→ REQUIRED WORK
Every entry below, first to last, should be restated word for word.

Segment Start: EXERCISE DATA

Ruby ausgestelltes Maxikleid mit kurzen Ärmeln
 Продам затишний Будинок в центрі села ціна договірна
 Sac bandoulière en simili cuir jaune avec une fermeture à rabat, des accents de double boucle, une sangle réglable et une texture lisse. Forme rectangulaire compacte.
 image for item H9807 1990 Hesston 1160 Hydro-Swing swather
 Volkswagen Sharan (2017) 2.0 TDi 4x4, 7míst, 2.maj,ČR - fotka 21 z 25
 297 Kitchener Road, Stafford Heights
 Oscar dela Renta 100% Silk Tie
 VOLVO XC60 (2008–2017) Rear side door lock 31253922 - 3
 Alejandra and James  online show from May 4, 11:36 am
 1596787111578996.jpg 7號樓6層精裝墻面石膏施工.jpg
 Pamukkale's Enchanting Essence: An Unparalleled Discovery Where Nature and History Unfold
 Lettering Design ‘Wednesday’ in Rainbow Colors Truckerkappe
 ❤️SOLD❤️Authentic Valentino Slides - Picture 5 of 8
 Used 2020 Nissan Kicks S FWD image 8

Segment End: EXERCISE DATA

→ SOLUTION
Ruby ausgestelltes Maxikleid mit kurzen Ärmeln
 Продам затишний Будинок в центрі села ціна договірна
 Sac bandoulière en simili cuir jaune avec une fermeture à rabat, des accents de double boucle, une sangle réglable et une texture lisse. Forme rectangulaire compacte.
 image for item H9807 1990 Hesston 1160 Hydro-Swing swather
 Volkswagen Sharan (2017) 2.0 TDi 4x4, 7míst, 2.maj,ČR - fotka 21 z 25
 297 Kitchener Road, Stafford Heights
 Oscar dela Renta 100% Silk Tie
 VOLVO XC60 (2008–2017) Rear side door lock 31253922 - 3
 Alejandra and James  online show from May 4, 11:36 am
 1596787111578996.jpg 7號樓6層精裝墻面石膏施工.jpg
 Pamukkale's Enchanting Essence: An Unparalleled Discovery Where Nature and History Unfold
 Lettering Design ‘Wednesday’ in Rainbow Colors Truckerkappe
 ❤️SOLD❤️Authentic Valentino Slides - Picture 5 of 8
 Used 2020 Nissan Kicks S FWD image 8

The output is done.